A custodial parent seeking judicial approval to remove children from Illinois has the burden of proving the move, considering its possible impact on visitation and other relevant factors, is in the best interests of the children. ( Eckert, 119 Ill. 2d at 330, 518 N.E.2d at 1047.) Eckert states a determination of the best interests of a child or children must be made on a case-by-case basis, depending upon the particular circumstances of each case. Several factors which courts are to use in deciding whether to grant or deny petitions for removal of children from the State of Illinois were set out by the court. ( Eckert, 119 Ill. 2d at 326-27, 518 N.E.2d at 1045-46.) These are (1) whether the proposed move will enhance the quality of life for both the custodial parent and the children, (2) whether the proposed move is a ruse designed to frustrate or defeat the noncustodial parent's visitation, (3) the motives of the noncustodial parent in resisting removal, (4) the visitation rights of the noncustodial parent, and (5) whether a reasonable visitation schedule can be achieved if the move is allowed. A reasonable visitation schedule was described as one which would preserve and foster the children's relationship with the noncustodial parent. Eckert, 119 Ill. 2d at 327, 518 N.E.2d at 1046.
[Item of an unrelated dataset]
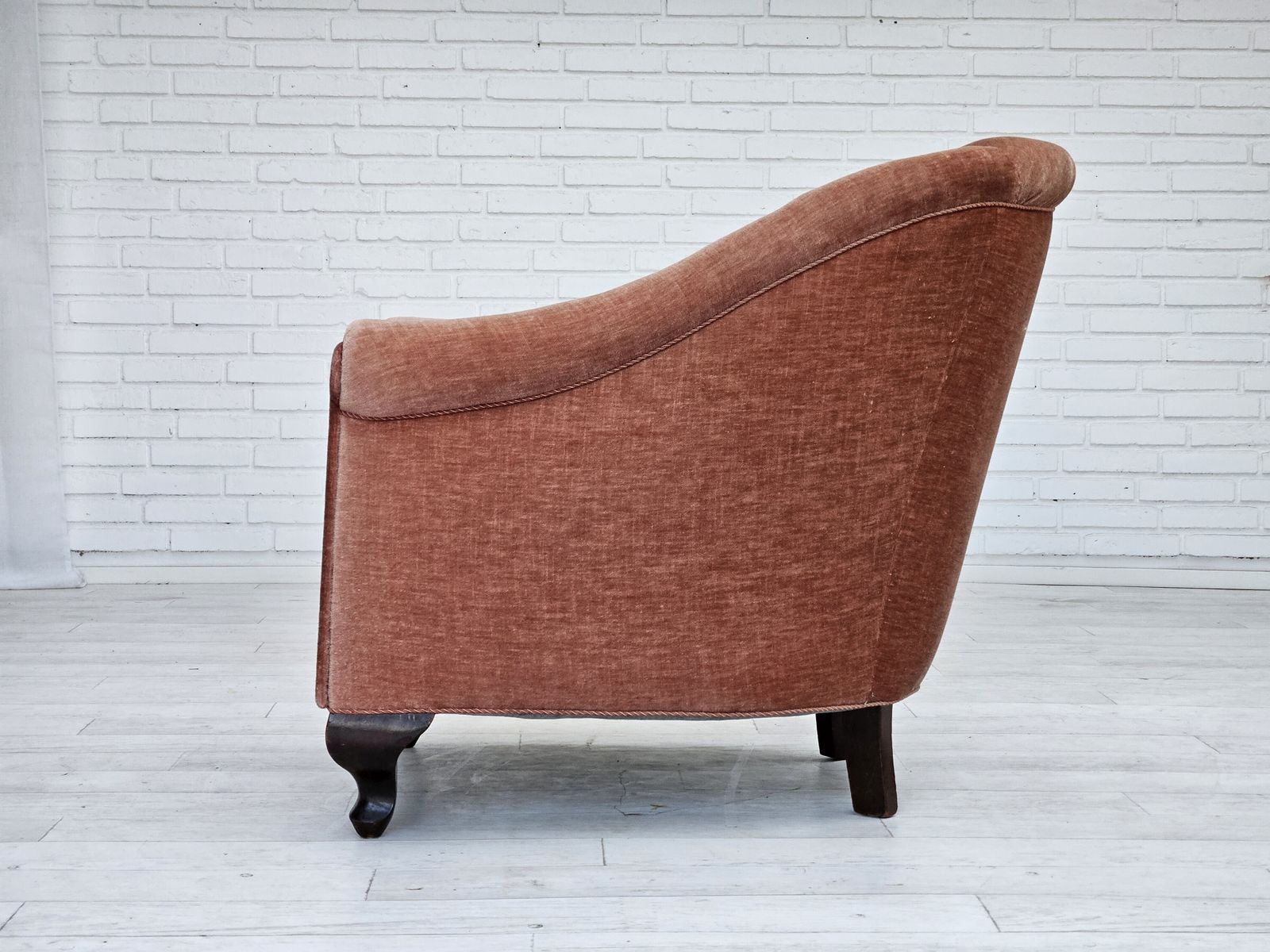 photo vinterior Ca. Jaren 1960, Deense Loungestoel, Zalmroze Meubelvelours, Essen Houten Poten.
In denying Lisa's request to remove the children the trial court focused on two factors which indicated the move would not be in the best interests of the children. First, the court found the proposed move would not enhance the general quality of life for the children. The trial court noted in this regard the frequent contact the children currently enjoy with their extended family in Quincy and how that contact would be affected by the proposed move to Florida.

Second, the court found removal to Florida would impair Timothy's involvement with the children, and Lisa's proposed visitation schedule would not preserve and foster the children's relationship with Timothy. The court noted the schedule would provide Timothy with approximately the same amount of time with the children, but that time would be in long continuous blocks, rather than the frequent, year-round contacts now available. The trial judge found there was a qualitative difference between these types of visitation schedules. This is consistent with In re Marriage of Creedon (1993), 245 Ill. App. 3d 531, 537, 615 N.E.2d 19, 23-24, 185 Ill. Dec. 724. When removal to a distant location will substantially impair the noncustodial parent's involvement with the children, the trial court should examine the harm which may result to the children. Eckert, 119 Ill. 2d at 328, 518 N.E.2d at 1046.

Removal cases are difficult for courts to decide, and this case is made more so by the good faith of both parties in regard to the petition for removal. The trial court commended the parties for their cooperation in visitation matters and for attempting to resolve the removal petition. The trial court ruled the motives of Lisa in seeking and Timothy in opposing removal did not play a role in this case since both were proper. This is consistent with our holding in In re Marriage of Branham (1993), 248 Ill. App. 3d 898, 904, 617 N.E.2d 1317, 1321, 187 Ill. Dec. 596.

Lisa argues the trial court did not properly balance the factors listed in Eckert, but treated them as prongs of a test, all of which had to be met in order for the court to allow removal. Some of the language used by the trial court in announcing its decision could give this impression. The court stated "your client has got to satisfy me that the move would improve the quality of life of the three children." Reading the court's remarks as a whole, however, it is not clear whether the court required Lisa to meet all of the factors listed in Eckert, or was merely emphasizing those factors which were determinative in this particular case. Eckert does not suggest any one factor is controlling. The relevant factors should be balanced.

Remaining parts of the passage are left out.